Monday, January 16, 2006

An Altered Life: Family, Collage Art, Paintings, Mosaics, and more

When my mother Clella was five years old she had rheumatic fever and spent her entire summer tucked up in a big feather bed. My grandmother, Maggie Miami Dye Melton, taught her to quilt and she has been doing it for eighty-three years. My mother taught me about color and texture but I didn’t seem to inherit her skills at quilting but did catch the gardening fever from her.

My father is a master carpenter and what is referred to as a “jack of all trades”. Before he retired he could frame the house, roof it, plumb it, wire it, and finish it off. My father shares his wisdom and skills as I play with my art and marry materials and ideas that Home Depot keeps telling me I can’t do. By the way I have switched to Lowes or my local old fashioned Hardware Sales.

I never played with my dad’s power tools when I was growing up. It wasn’t that he wouldn’t let me, but times were different. Now I have my own set of tools, glues, fasteners, and gadgets.

So what are my earliest memories of art in my life? I remember when a younger cousin received a Barbie but money was tight so she didn’t get the dream house. I cut and pasted using an old cardboard box and made her a complete kitchen. Sewing classes in junior high and high school (the required basic shirt, stuffed animal and later a dress) were reinforcement to what I learned at home on my mom’s Sears sewing machine. Painting began at a very early age when at about three or four, when living on a farm, I called the chickens by name and as they walked past me I gave each one a colorful stripe from a can of house paint I found. In a high school publication I wrote my first poem but was afraid to sign my name, so I added anonymous to the end. I kept my writings to myself and never shared what I wrote until I started making Altered Books.


I spent weeks making hundreds of items to sell at a school bazaar where children shopped for their family and everything was just $2.00. Then several years later my sister hosted a Christmas boutique in her home and again I mass produced items to sell that were different and unique from all the other boutiques. Because of these two adventures I realized that I hated to mass produce items.

The road of life came to an intersection and I got off the freeway and took a side street. After an ugly divorce I met a wonderful, caring, loving man named who is my knight in shinning armor. I have only seriously played with my art since I remarried and my husband Larry encouraged me with my own studio and shop. We have six children ages 20-47, one cat, one dog, a large garden, and a Harley. Larry loves me just the way I am and encourages me to do whatever makes me happy. He loves watching me work in my studio and is positive and supportive of everything I try. Because of his love and his faith in me I have all the time I want or need to play with my art.

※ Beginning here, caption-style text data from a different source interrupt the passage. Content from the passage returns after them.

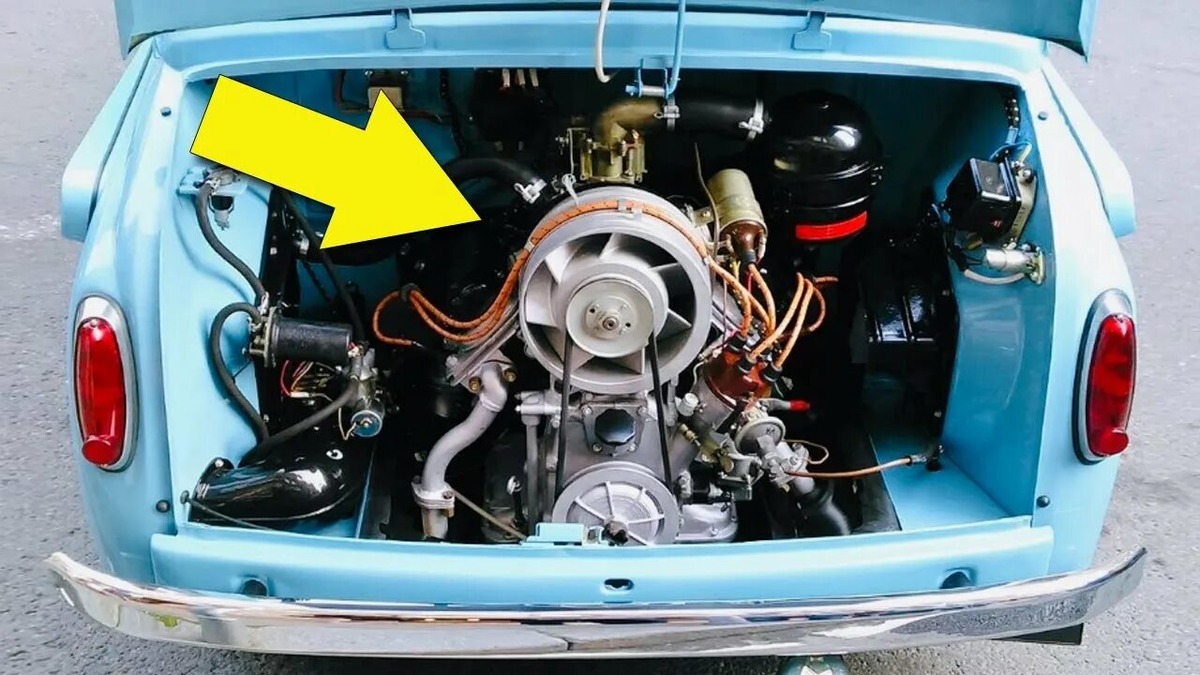 Двигатель Запорожца, который находился на месте багажника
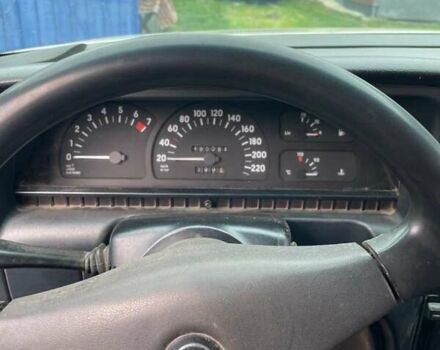Червоний Опель Омега, об'ємом двигуна 2 л та пробігом 490 тис. км за 826 $, фото 3 на Automoto.ua
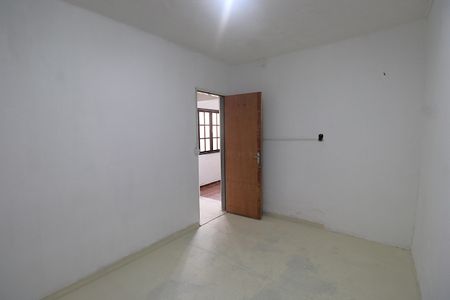 Quarto 2 de casa para alugar com 2 quartos, 50m² em Jardim Sulacap, Rio de Janeiro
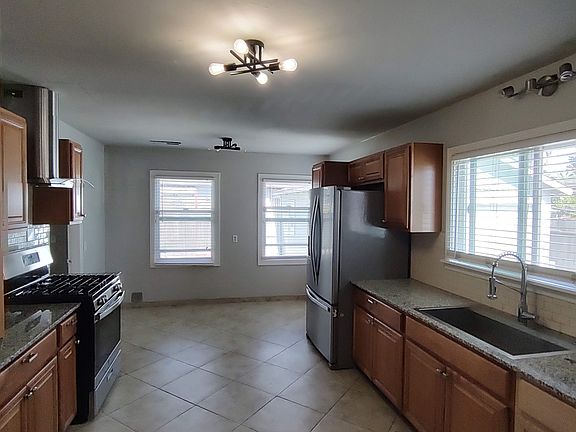 4th image of 376 Hushbeck Ave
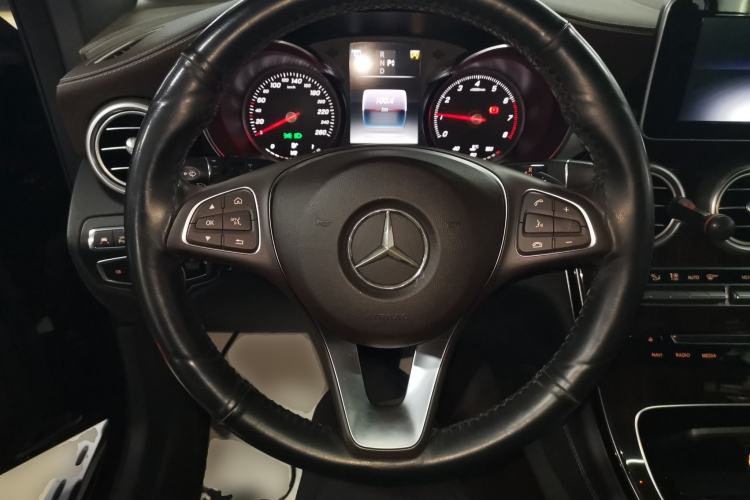 Used Mercedes-Benz GLC 2018 Facelift GLC 260 4MATIC Luxury Edition Steering Wheel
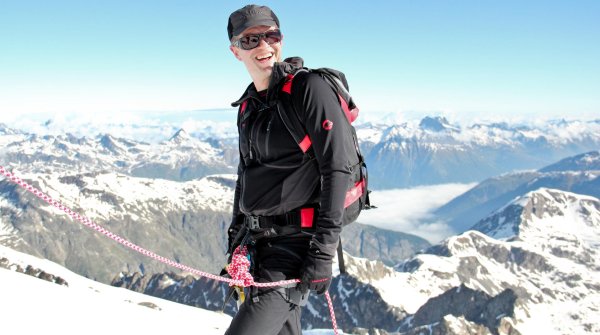 Rolf Schmid – here on an alpine tour in 2013 – was CEO of Mammut since 1996.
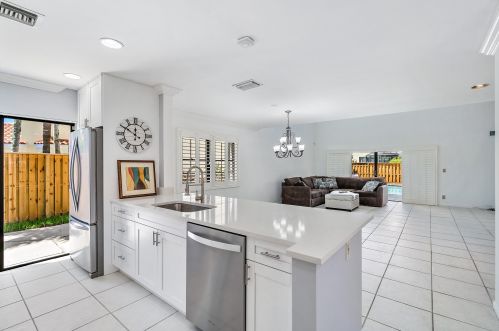 2662 La Lique Cir, West Palm Beach FL  33410-1415 exterior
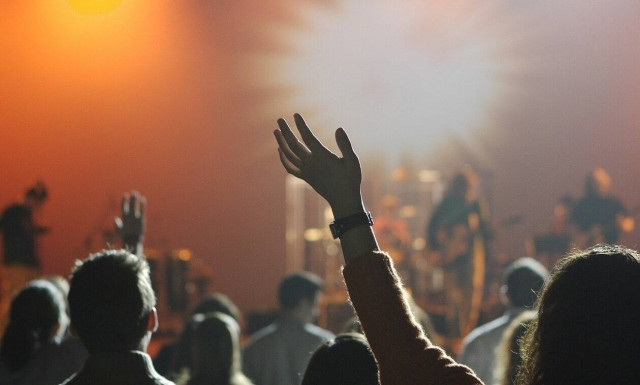 Απαράδεκτοι! Playboy και influencers διοργάνωσαν πάρτι στο Μπαλί (pics)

I didn’t know how important that decoupage class I took in the 80’s would be until years later or how that two hour painting class sometime in the early 90’s from an artist whose name I have long forgotten would be the seed that grew. I still have the t-shirt I painted as a reminder of how primitive or childlike my first attempts at roses and leaves were. I have since taken a flower painting techniques class with Ronnie LaBree and a watercolor class with Jody Bergsma in her studio. These hands on classes supplemented my small library of art books. I keep looking for new things to play with and mosaic artist Ramona Abbot was teaching a local class and this looked like a lot of fun. Searching for a plate, tile, cup, or bowl in just the right color, taking it home and breaking it and then gluing it back together with all the other bits of colors and patterns was a whole new world.

I love working on one or two similar items and moving on to a new idea. I love taking apart old lamps, taking other found items and making chandeliers out of them. I made a curtain valance out of wood and copper tubing, shelves out of shutters, and a headboard out of an old bedroom mirror. Maybe my most unusual project was turning a late 19th century casket bier into a coffee table.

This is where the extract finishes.